Je ne vais pas vous mentir, mon arrivée ici était inattendue. À la base, je devais signer au Chievo Vérone en Série B. De septembre jusqu’à début octobre, j’étais là-bas. J’ai réalisé trois semaines avec la primavera et le reste du temps, j’étais avec le groupe professionnel. Le club me voulait vraiment mais j’avais entendu que le Chievo connaissait des difficultés financières à cause de l’épidémie. Finalement, un agent que je connais m’a dit qu’il avait une deuxième option pour moi. Il m’a alors conseillé d’aller en Slovénie car ce n’est pas loin de la France et que j’avais tout pour rebondir là-bas. C’était vraiment inattendu, pour tout vous dire, je n’avais même pas d’offre de la part du club. L’agent a appelé le club et leur a parlé de moi. Après avoir eu de bons échos de la part du Chievo, ils m’ont proposé un contrat.
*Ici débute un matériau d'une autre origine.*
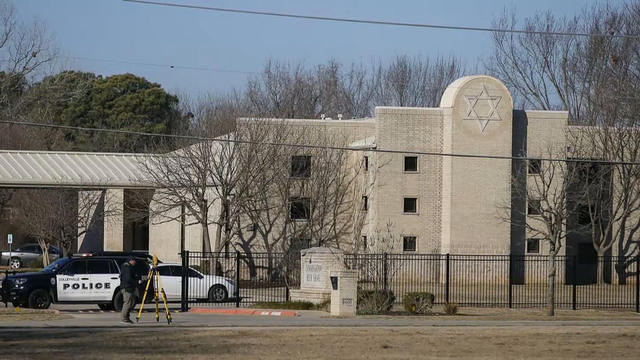 0117-ctm-txsynagoguehostages-villafranca-web-875191-640x360.jpg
La Slovénie n’est pas un pays où beaucoup de joueurs français se sont aventurés, rejoindre ce club a été un choix difficile ?

Oui, au départ je ne voulais pas y aller. Partir comme ça à 22 ans, ce n’est pas toujours facile, j’avais peur de me perdre et de ne pas rebondir. Souvent lorsque nous avons des échos des pays de l’est, c’est un peu difficile. Finalement, l’agent m’a convaincu et j’ai signé là-bas. Une fois arrivé ici, toutes mes appréhensions sont parties.

Comment vivez-vous vos premiers mois au sein du club ?

Très bien, j’ai été bien accueilli par le groupe. J’ai une bonne entente avec le coach, il me fait confiance et j’essaye de la lui rendre sur le terrain et en dehors.

« l’entraineur m’a remis dans le bain petit à petit. »Antoine Makoumbou

Depuis votre arrivée, vous avez été titulaire six fois sur huit matchs joués, vous vous faites votre place petit à petit au sein du onze de départ ?

C’est exactement ça. À mon arrivée, je n’ai pas pu jouer directement parce que le club de Mayence réclamait des indemnités de formation. Une fois réglées, l’entraîneur m’a remis dans le bain petit à petit. Aujourd’hui, le fait que j’enchaine les matchs permet que je sois épanoui et c’est le plus important.

Comment décrivez-vous le championnat Slovène ?

Je le décrirais comme agressif et tactique car c’est un championnat qui se rapproche beaucoup de l’Italie.

Quels sont vos objectifs pour la saison ?

De bien travailler avec le club pour enchainer le plus de matchs possibles. Je suis à 100% focus sur le club.

Vous êtes franco-congolais, rêvez-vous un jour de porter le maillot du Congo ?

Bien sûr, porter ce maillot serait une fierté. Le Congo est le pays de mes parents, de mes ancêtres donc je serais très content de le porter. Ces derniers temps, j’ai eu plusieurs appels du staff pour me demander si j’étais partant à l’idée de jouer pour le Congo.

Âgé de 22 ans actuellement, quels sont vos objectifs pour la suite de votre carrière ?

Je ne me vois pas rester ici très longtemps donc je vais travailler pour atteindre un club des cinq grands championnats.